Need a code word for: "I got your email, you don't need to stop by and recite verbally"

Submitted by George Peden
in

There are few folks I work with who regularly send me a long-winded email, with their 'points' buried so deep its hard to tease out what they are really asking of me - then they will stop by my office, litereally minutes after sending, to tell me that same email almost verbatim.

Imagine the scene from Big Lebowski:

" BL: So, You're a Lebowski, I'm a Lebowski. That is terrific but I am very busy as I imagine you are. What can I do for you, sir? 
D: This rug I have, it really tied the room together. 
BL: You told Brad on the phone, he told me. Where do I fit in? 
D: They were looking for you, these two guys. 
BL: I'll say it again. You told Brad on the phone, he told me. I know what happened. Yes? Yes? 

Does anyone have a technical for cutting short this behavior?  

Me:  "I read your email, where do I fit in?"

 

Thanks,

Jake

Submitted by rgbiv99 on Monday June 14th, 2010 4:33 pm

Jake,
I wish I had a good answer for this one. I have coworkers who do this too. I actually used to have a client who would send an email, then call me, then fax (!) me the information.
In my more patient moments I nod along to what they're saying and wait for the "action item" to appear. In my less patient moments I cut them off and say, "Yes, I read all of this in the email. What can I do for you?" Until we can find a way to make everyone match our own personal DISC profile, I think patience is the way to go. : -)
The Dude Abides,
Kate

Submitted by Tim Rutter on Monday June 14th, 2010 5:29 pm

I am guessing here Jake, but using the 80/20 rule, there are probably only a couple of people who take up most of your time on this. Is it worth taking them to one side and giving them some feedback?
Try something along the lines that you very much appraciate them going to the effort and time of giving you a full and detailed description/email and that to get the best response from you, they may like to try giving you a 'heads up' in bullet points and an indication of actions required. You can then set up a short 'heads together' once you have read through.
If you don't tell them, they won't know

Submitted by George Peden on Monday June 14th, 2010 6:53 pm

Ah - the feedback model. That didn't immediately come to mind becuase in this case the person is not in my direct organzation.

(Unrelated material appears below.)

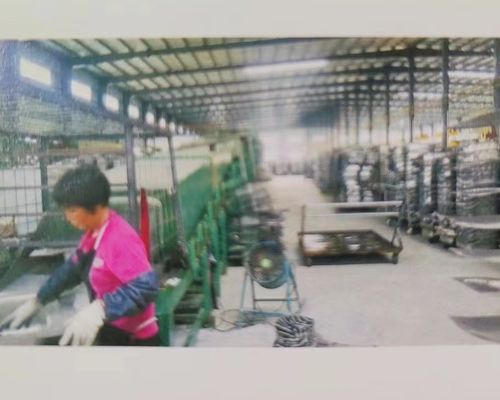 Forno di ricottura industriale a gas protetto per componenti metallici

I did get a hint from a mentor I trust, who said she will often say something like:
"I did get your email and understand it - thank you. Do you have something more to add?"
I may try that one.
 
Jake
 

Submitted by Tom Jedrzejewicz on Tuesday June 15th, 2010 9:49 pm

At the risk of being contrary .. I have found that sometimes we are telling the world how to treat us.  You should examine if you are doing (or not doing) something that encourages this kind of communication overkill. Ask one of these folks to coffee and inquire about why they think it is necessary.
* Perhaps you don't respond in a timely manner, or perhaps you respond more quickly if they "check in" quickly.
* Perhaps you have a history of missing details in these long emails.
And so on...
If you do figure something out, fix it.
As far as stopping the problem .. there is a forum thread on interruptions that has a number of tactics which should be helpful.

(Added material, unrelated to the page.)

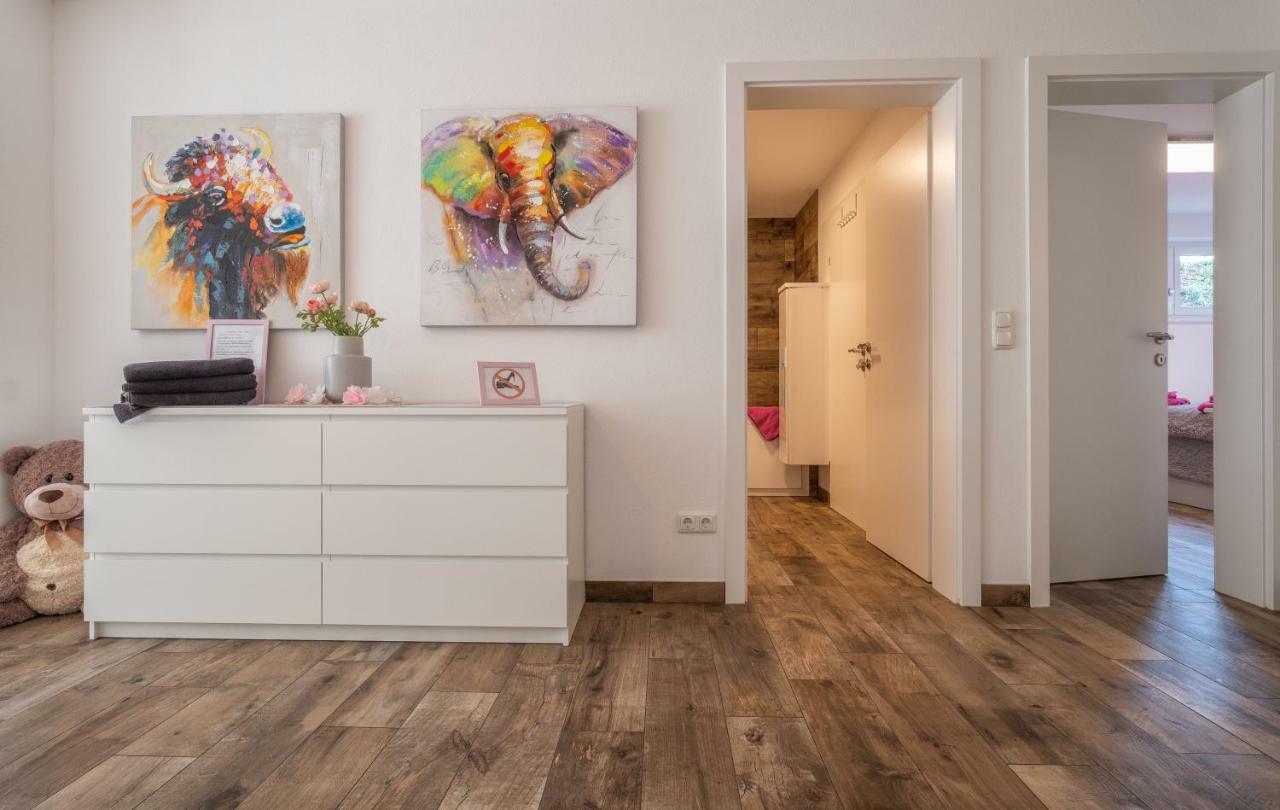 Moderne Souterrain-Wohnung Anif Dış mekan fotoğraf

Submitted by Tanner Waldo on Saturday July 10th, 2010 9:31 am

I agree witih Tomjedrz.
I think your first course of action should be to reply to their e-mail immediately. Even if you don't add anything new, just summarize their points to show them that you have read and understood their message.

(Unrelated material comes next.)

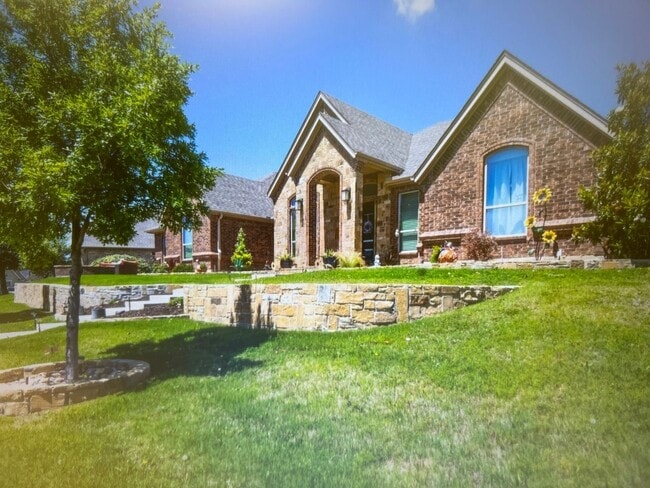 Eagle Mt-Saginaw ISD Beautiful Custom Home... - Eagle Mt-Saginaw ISD Beautiful Custom Home...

Submitted by Jason Clishe on Sunday July 11th, 2010 10:36 am

I agree with both Tomjedrz and Timrutter. An approach that I've used in this situation is to say "Yes, I noticed that you sent me an email, but I carve out time a few times per day to focus on and process all of my email. Is there anything time sensitive in your email that can't wait until I get to my my email in an hour or two?"
This also helps to set the expectation for the future that senders should not expect an immediate response from you. And more often than not, the person I'm talking to usually ends up saying "wow, that's a good idea, I should do that too."